Charles William Jefferys is perhaps best known for his historical illustrations in school textbooks, magazines and newspapers. However, he was also an accomplished landscape painter, achieving particular renown for his prairie canvases. Born in England in 1869, Jefferys’ family came to Canada via Philadelphia in 1881. While ill health prevented Jefferys from going overseas as an official war artist, both he and Dorothy Stevens received commissions to document war preparations on the home front. Jefferys’ work focused on training camp activities in Petawawa, Niagara and Toronto. Although the artist had shown little interest in printmaking, his early experience as an apprentice at the Toronto Lithographic Company would prove useful in the execution of the transfer lithographs he made for the Canadian War Memorials Fund in 1919. Today, the life and work of this prolific artist is commemorated by an historic plaque located on the site of Jefferys’ house and studio in North York, Ontario.

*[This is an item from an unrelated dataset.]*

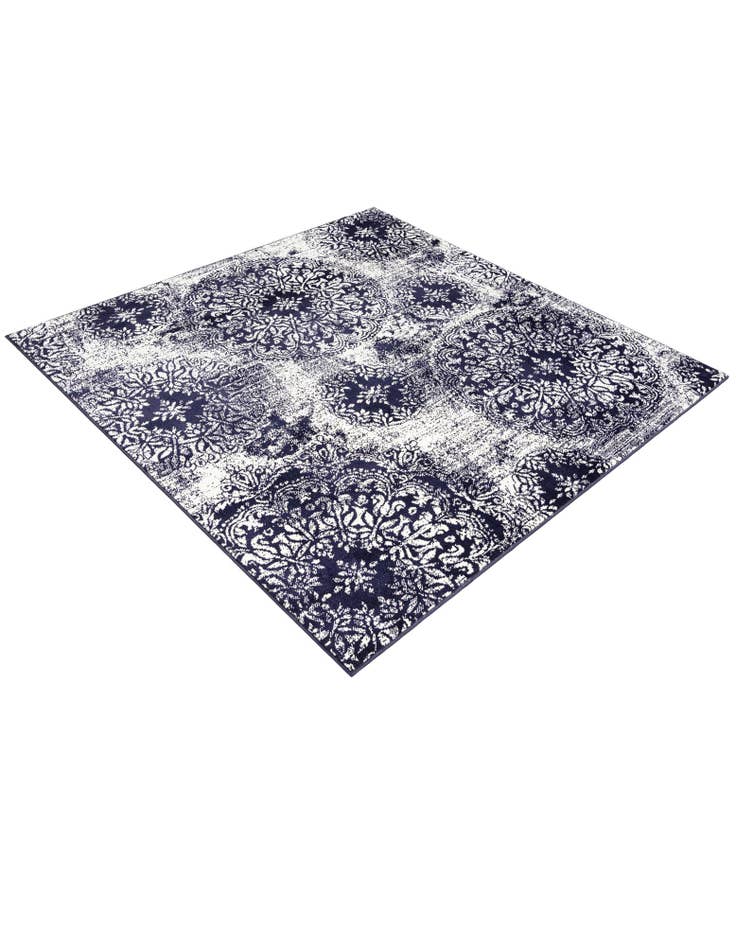 Detail image of 6' x 6' Monte Carlo Square Rug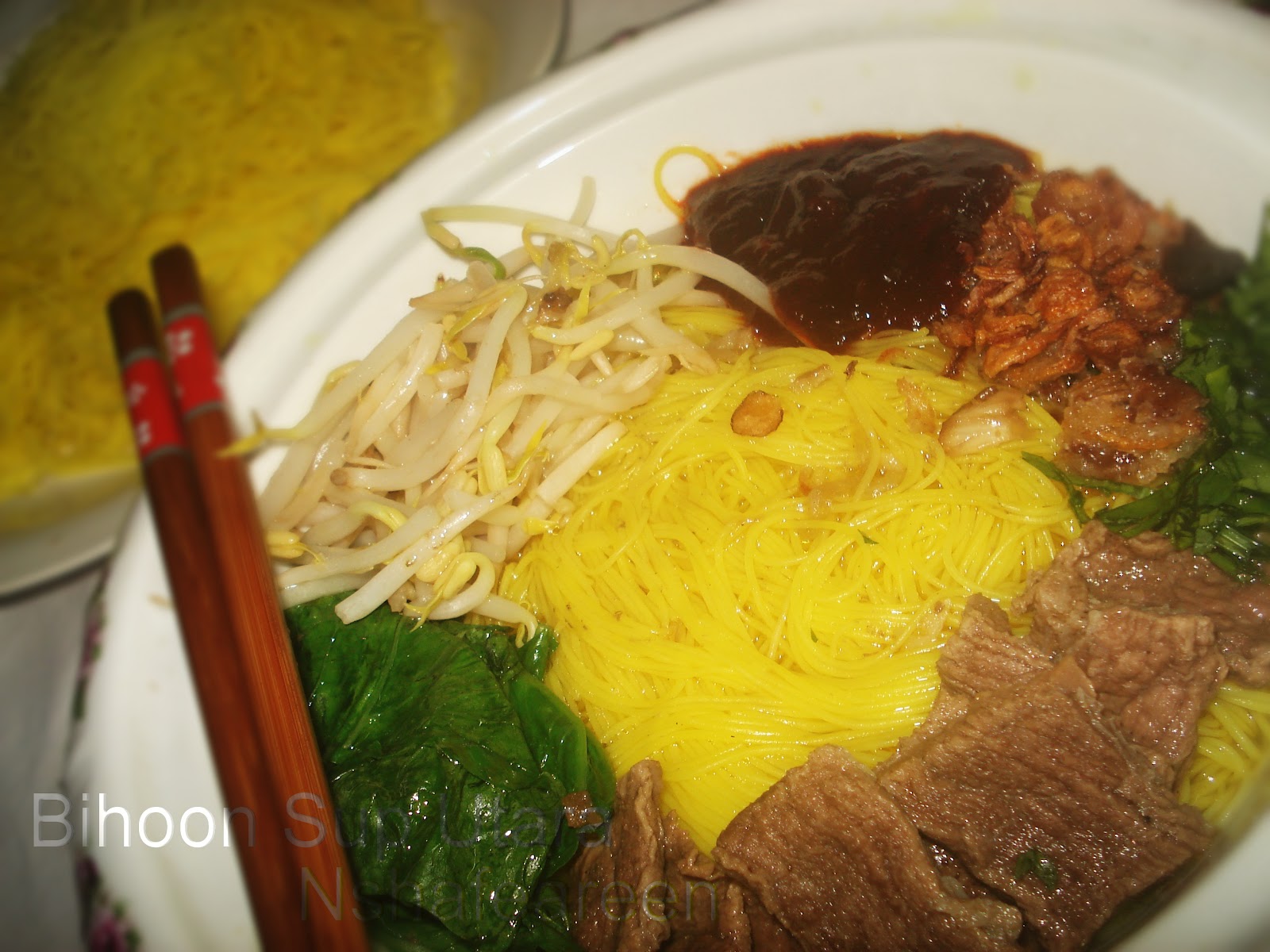 Bihun Sup Utara ~ Nshafeareen®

British artist C. R. W. Nevinson was born in London and studied at the Slade School of Art. In 1912 he moved to Paris to study at the Académie Julian, and is reputed to have shared a studio there with Modigliani. Nevinson’s early encounter with the war occurred in 1914-16 when he served with the Royal Army Medical Corps and the Red Cross as an ambulance driver. Later, in 1917, he was appointed an official war artist and returned to France where he creatively approached his subjects by making sketches from the air in planes and observation balloons. The print of Nevinson’s War in the Air reproduces his painting, now in the Canadian War Museum, of an aerial confrontation involving one of Canada’s most famous aviation heroes, Billy Bishop.
Dartmouth born Gyrth Russell attended the Victoria School of Art and Design in Halifax, Nova Scotia. Early on he demonstrated a strong interest and technical facility in printmaking. Further study in Boston and then Paris confirmed his stylistic affinity with the Impressionists which is particularly apparent in his coloured aquatints. In 1917, Russell was appointed to the Canadian War Memorials Fund along with fellow Canadian artists, A. Y. Jackson, Cyril Barraud and James Kerr Lawson. Assigned the rank of Lieutenant, Russell completed a full set of drypoint etchings for the Fund. On his discharge from the army, he settled permanently in England where he continued to paint and exhibit his work until his death in Penarth, Wales at the age of 78.
Between 1904 and 1911 Toronto native Dorothy Stevens received her art training in some of the most prestigious schools of London and Paris. By the time of her return to Canada in 1911 she was well travelled and demonstrated a high level of skill in printmaking. In Toronto the artist continued to develop her reputation, garnering excellent exhibition reviews and a Silver medal at the Panama-Pacific International Exhibition in San Francisco for the 19 etchings she displayed there. In addition to her etchings, Stevens also acquired a reputation as a fine portrait artist and many of her works can be found today in the collections of the National Gallery of Canada and the Art Gallery of Ontario. In 1919, Stevens solicited a commission from the Canadian War Memorials Fund. This resulted in a set of etchings documenting the home front activities of the Toronto shipbuilding yards and the munitions workers at the British Forgings plant. At the close of the war, she returned again to Europe on a travelling scholarship to continue her art. Stevens died in Toronto in 1966 at the age of 78.